Go to the line below that has "Hi, I'm Jennifer", print it and each line after it exactly, and stop after the line that has "Should you be"; leave out pictures.

:: INPUT RECORDS ::

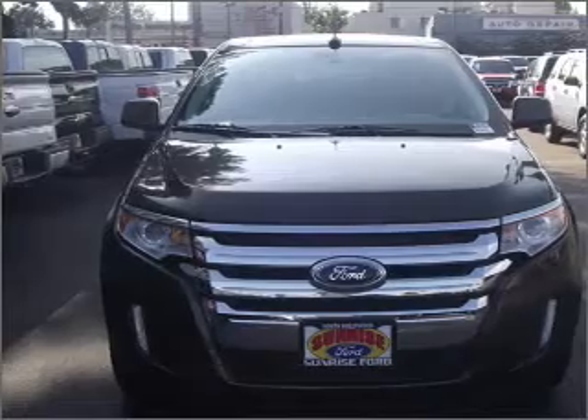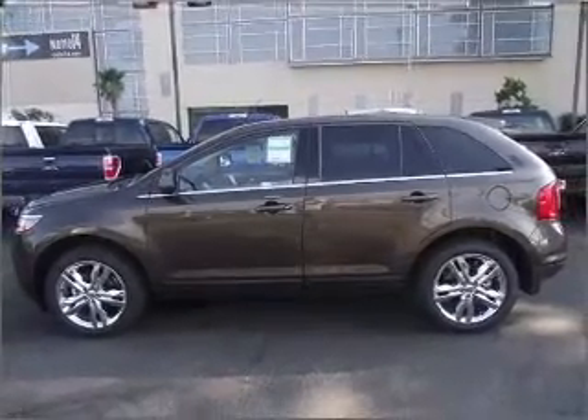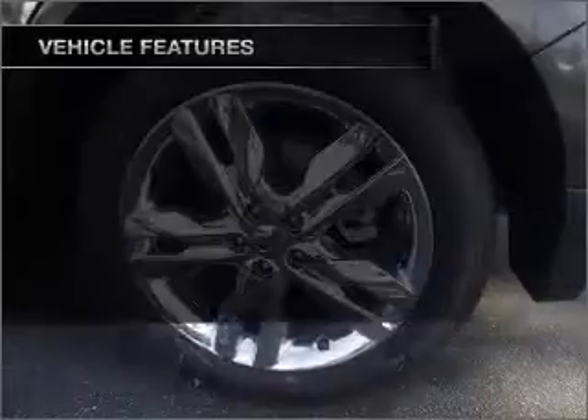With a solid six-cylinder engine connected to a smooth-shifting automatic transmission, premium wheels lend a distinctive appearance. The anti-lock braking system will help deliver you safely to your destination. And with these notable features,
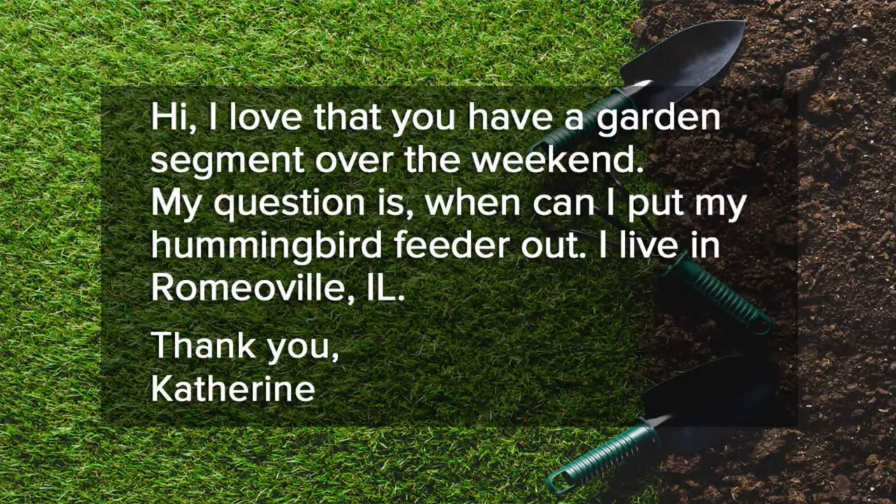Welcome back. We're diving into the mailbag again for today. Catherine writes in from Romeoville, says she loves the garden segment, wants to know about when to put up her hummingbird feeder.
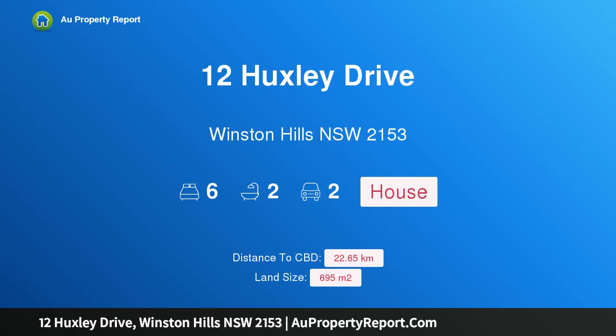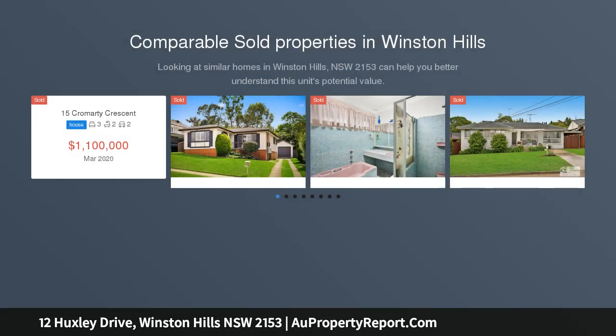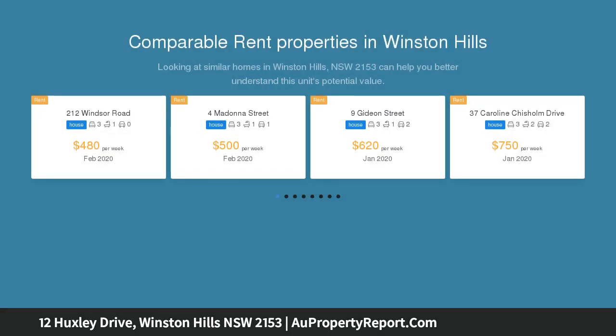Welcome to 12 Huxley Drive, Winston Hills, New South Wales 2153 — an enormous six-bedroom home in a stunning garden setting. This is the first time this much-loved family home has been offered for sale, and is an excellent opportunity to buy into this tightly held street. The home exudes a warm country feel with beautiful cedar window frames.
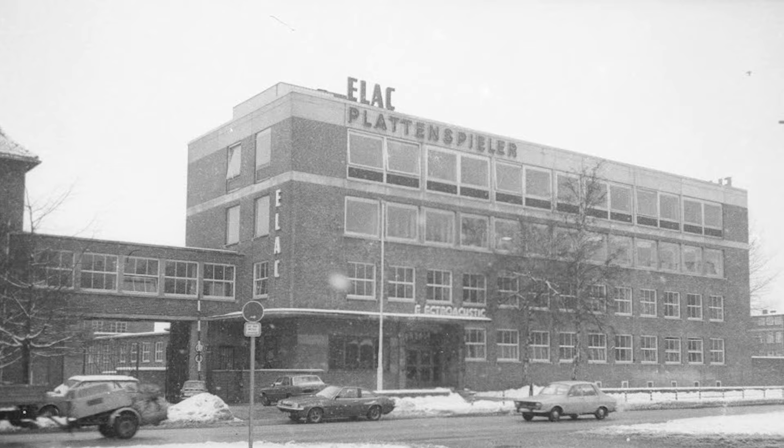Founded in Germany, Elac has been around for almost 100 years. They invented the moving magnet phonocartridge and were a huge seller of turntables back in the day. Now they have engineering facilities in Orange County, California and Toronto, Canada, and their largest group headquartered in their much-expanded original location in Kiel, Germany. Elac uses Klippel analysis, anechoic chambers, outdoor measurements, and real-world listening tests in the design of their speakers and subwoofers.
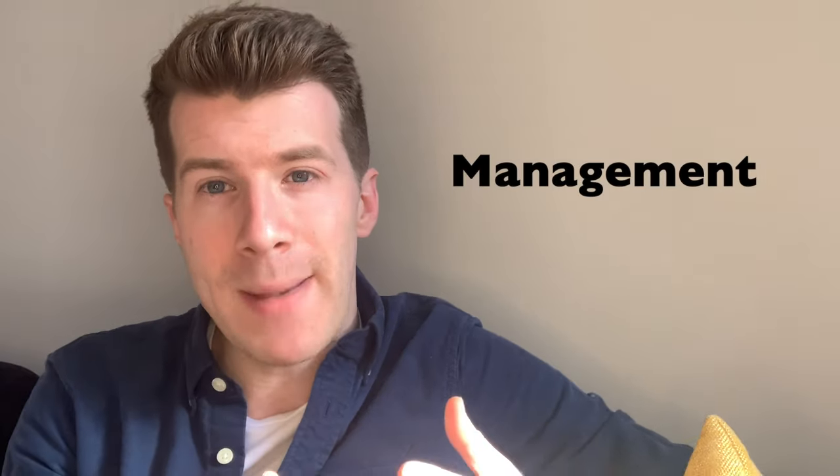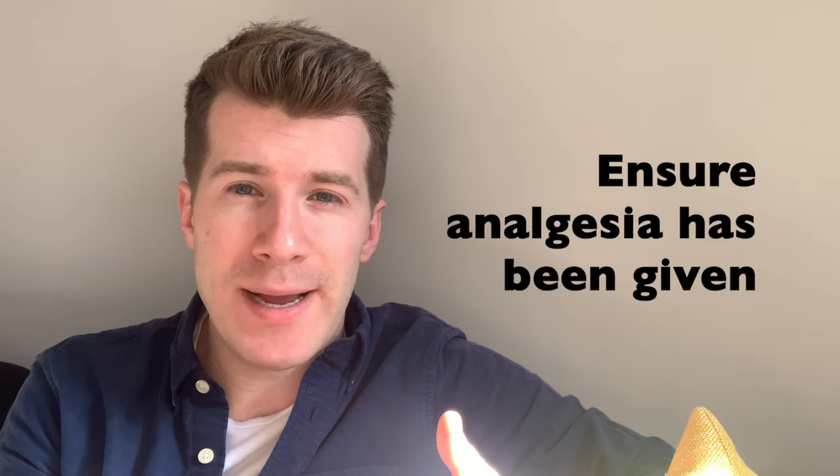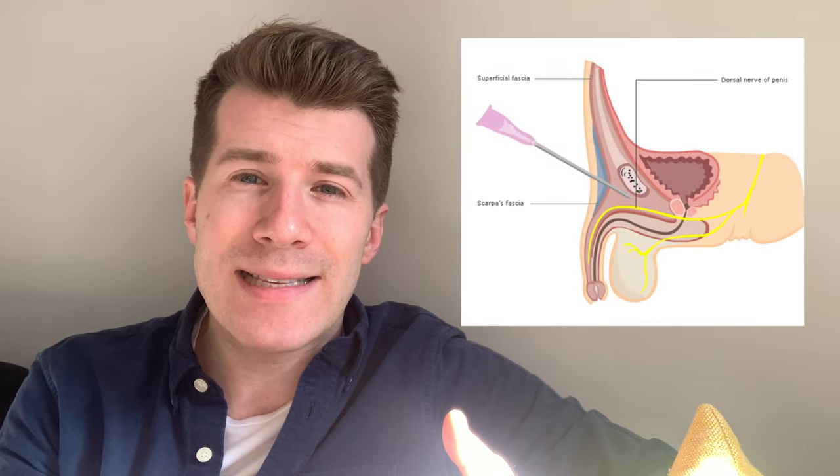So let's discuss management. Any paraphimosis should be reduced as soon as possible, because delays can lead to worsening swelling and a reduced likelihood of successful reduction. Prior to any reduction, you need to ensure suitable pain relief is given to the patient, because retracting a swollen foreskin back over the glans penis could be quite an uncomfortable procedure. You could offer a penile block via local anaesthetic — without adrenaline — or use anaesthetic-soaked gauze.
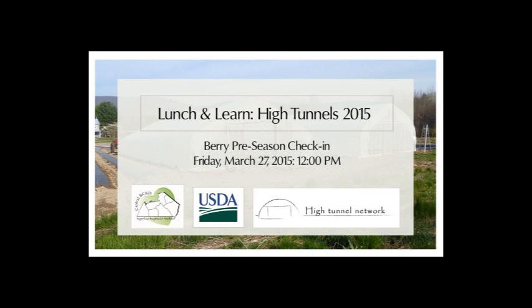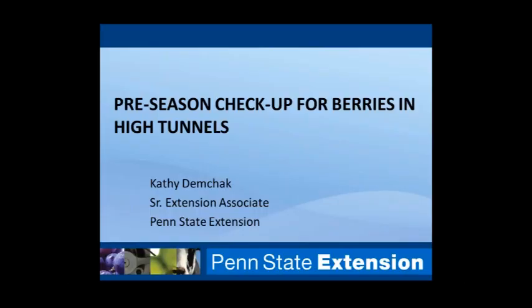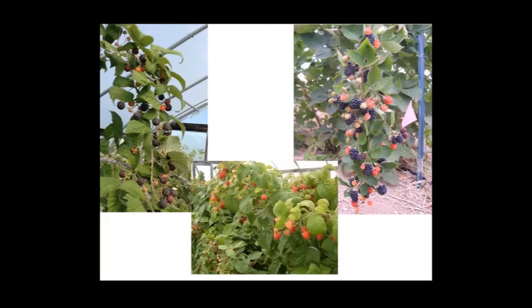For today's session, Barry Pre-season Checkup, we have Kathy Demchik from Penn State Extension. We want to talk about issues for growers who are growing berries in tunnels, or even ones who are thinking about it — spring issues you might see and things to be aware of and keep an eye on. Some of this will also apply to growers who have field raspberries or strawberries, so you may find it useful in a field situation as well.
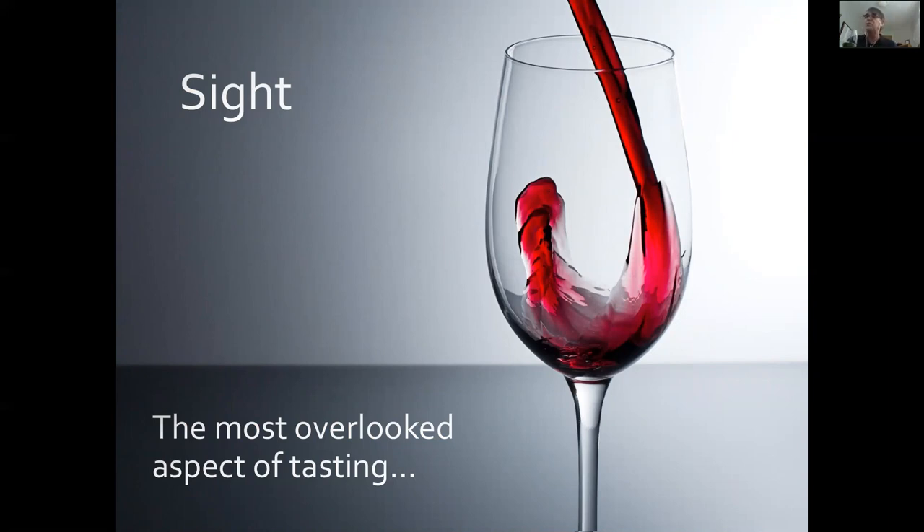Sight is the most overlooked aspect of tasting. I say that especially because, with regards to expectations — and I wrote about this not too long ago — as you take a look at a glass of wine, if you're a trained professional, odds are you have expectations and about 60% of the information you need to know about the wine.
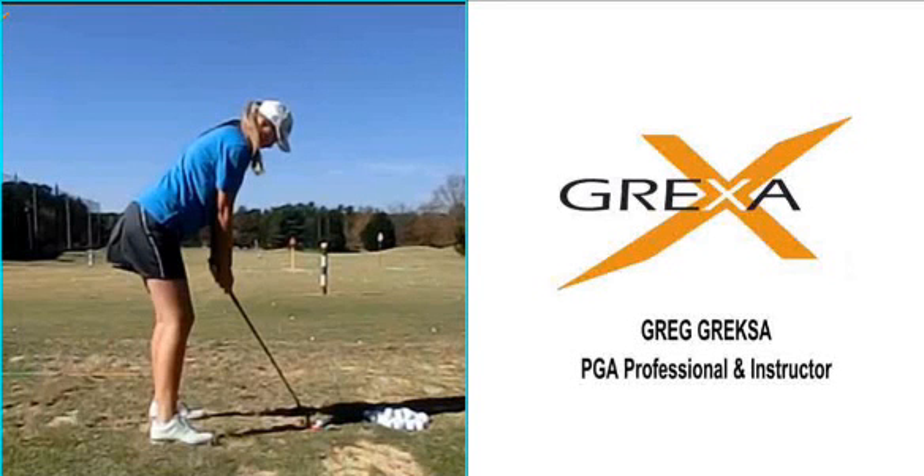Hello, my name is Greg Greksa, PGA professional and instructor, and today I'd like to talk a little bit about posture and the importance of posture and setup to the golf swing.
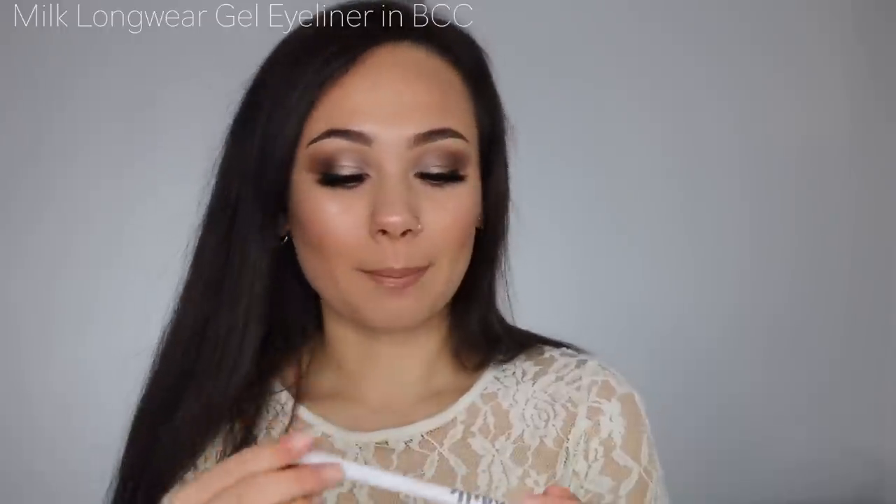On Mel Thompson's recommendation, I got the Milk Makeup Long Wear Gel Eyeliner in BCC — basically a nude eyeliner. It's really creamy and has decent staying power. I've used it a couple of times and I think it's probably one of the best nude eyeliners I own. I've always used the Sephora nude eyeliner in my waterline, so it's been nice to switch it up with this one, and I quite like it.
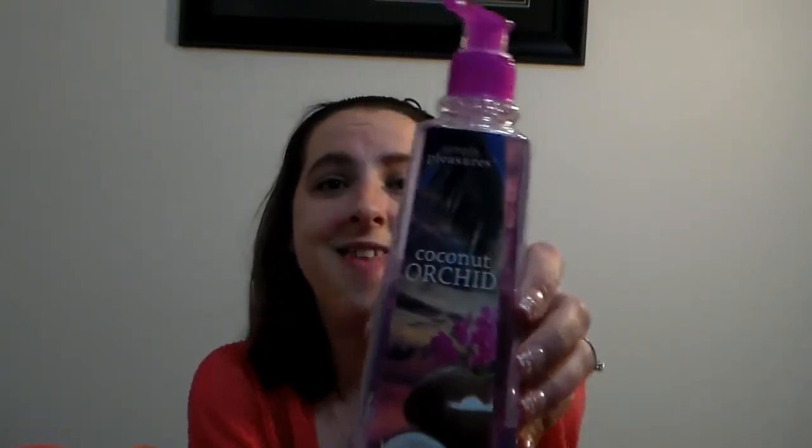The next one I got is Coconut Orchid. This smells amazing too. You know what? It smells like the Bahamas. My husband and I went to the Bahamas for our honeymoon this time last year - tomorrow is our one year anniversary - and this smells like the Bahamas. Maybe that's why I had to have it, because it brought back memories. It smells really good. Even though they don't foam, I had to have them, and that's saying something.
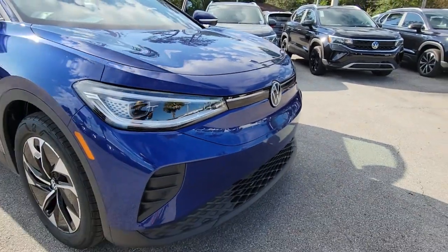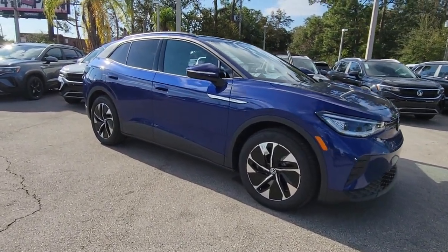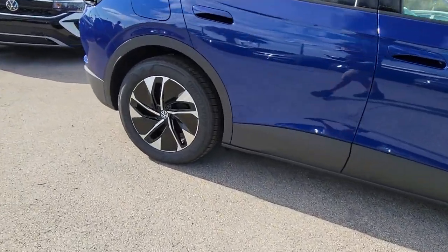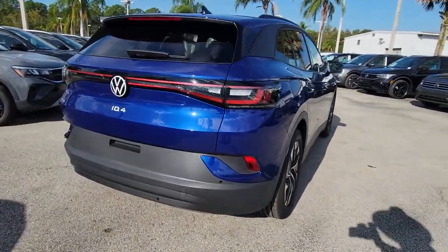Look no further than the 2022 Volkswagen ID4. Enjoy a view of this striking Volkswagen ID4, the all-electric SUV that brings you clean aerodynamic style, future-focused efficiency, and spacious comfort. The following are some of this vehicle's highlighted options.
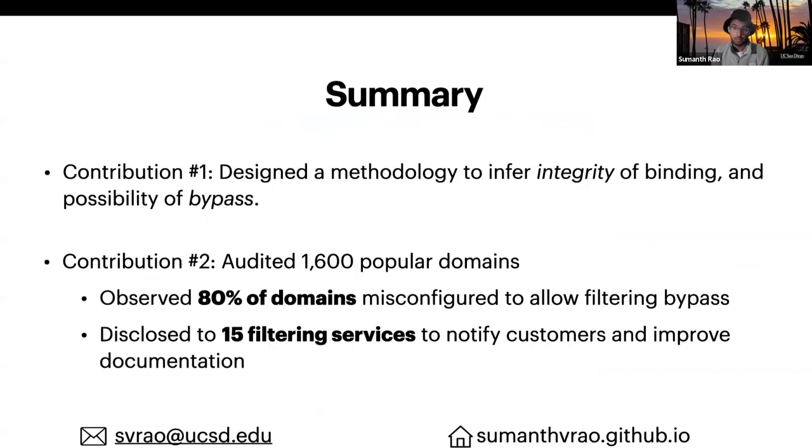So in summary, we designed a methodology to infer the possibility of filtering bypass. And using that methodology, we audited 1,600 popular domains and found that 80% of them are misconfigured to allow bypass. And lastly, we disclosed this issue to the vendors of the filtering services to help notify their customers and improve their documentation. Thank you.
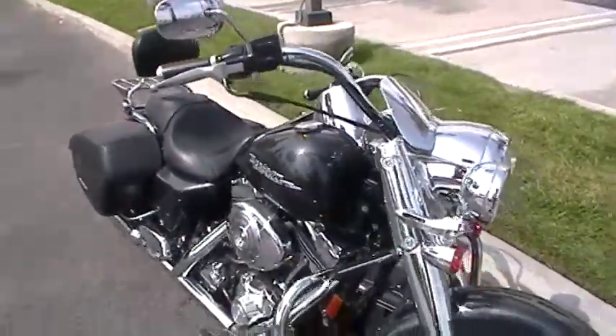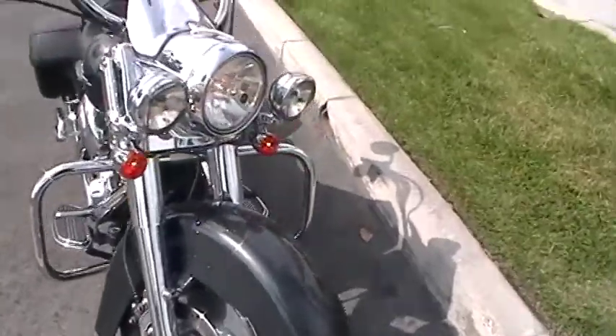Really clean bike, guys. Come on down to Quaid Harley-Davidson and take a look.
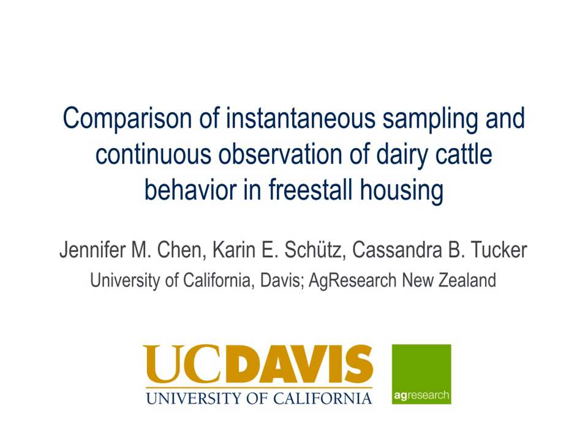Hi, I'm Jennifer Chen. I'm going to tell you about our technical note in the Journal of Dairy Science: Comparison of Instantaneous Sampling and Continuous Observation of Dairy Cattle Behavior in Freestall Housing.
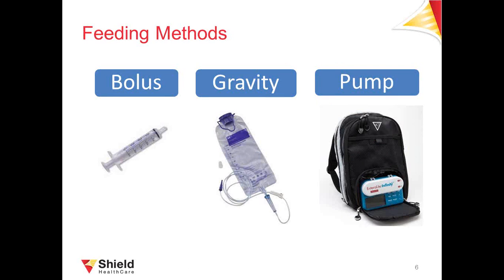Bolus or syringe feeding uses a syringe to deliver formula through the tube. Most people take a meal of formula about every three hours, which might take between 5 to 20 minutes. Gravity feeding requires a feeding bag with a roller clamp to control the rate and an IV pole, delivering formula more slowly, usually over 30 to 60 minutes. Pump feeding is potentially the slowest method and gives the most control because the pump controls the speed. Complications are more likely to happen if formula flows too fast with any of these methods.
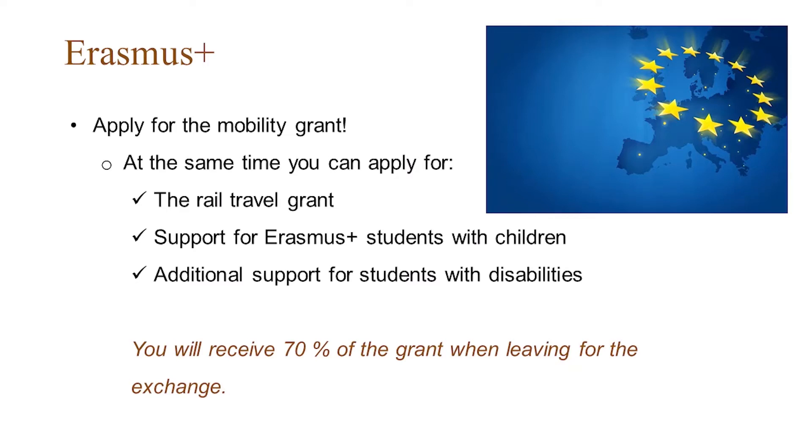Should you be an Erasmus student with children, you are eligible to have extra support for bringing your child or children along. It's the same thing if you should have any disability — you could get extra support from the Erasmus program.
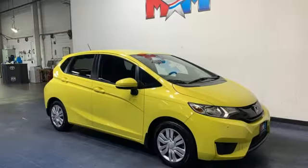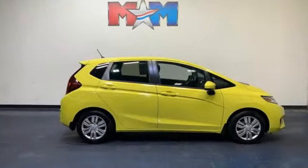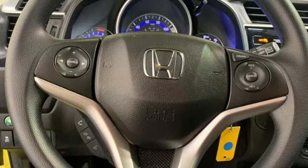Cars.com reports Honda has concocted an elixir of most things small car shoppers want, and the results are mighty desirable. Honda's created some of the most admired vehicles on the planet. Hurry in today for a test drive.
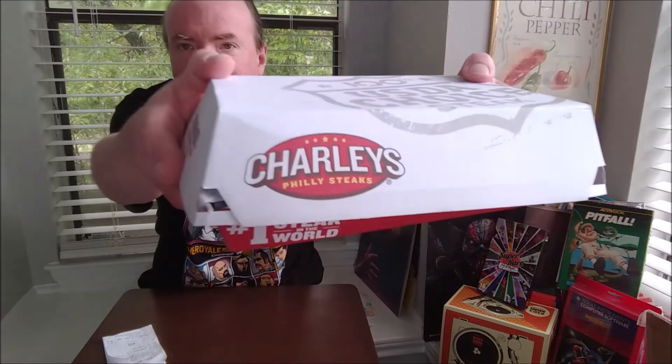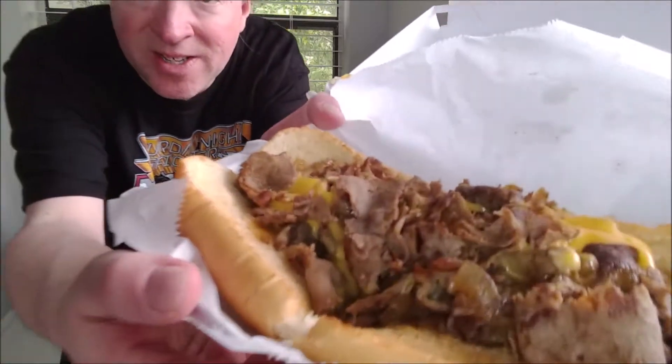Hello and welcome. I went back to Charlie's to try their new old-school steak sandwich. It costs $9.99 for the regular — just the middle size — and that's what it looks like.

:::

*EXERCISE OUTPUT*.
Hi, I'm Jennifer Chen. I'm going to tell you about our technical note in the Journal of Dairy Science: Comparison of Instantaneous Sampling and Continuous Observation of Dairy Cattle Behavior in Freestall Housing.
Bolus or syringe feeding uses a syringe to deliver formula through the tube. Most people take a meal of formula about every three hours, which might take between 5 to 20 minutes. Gravity feeding requires a feeding bag with a roller clamp to control the rate and an IV pole, delivering formula more slowly, usually over 30 to 60 minutes. Pump feeding is potentially the slowest method and gives the most control because the pump controls the speed. Complications are more likely to happen if formula flows too fast with any of these methods.
Should you be an Erasmus student with children, you are eligible to have extra support for bringing your child or children along. It's the same thing if you should have any disability — you could get extra support from the Erasmus program.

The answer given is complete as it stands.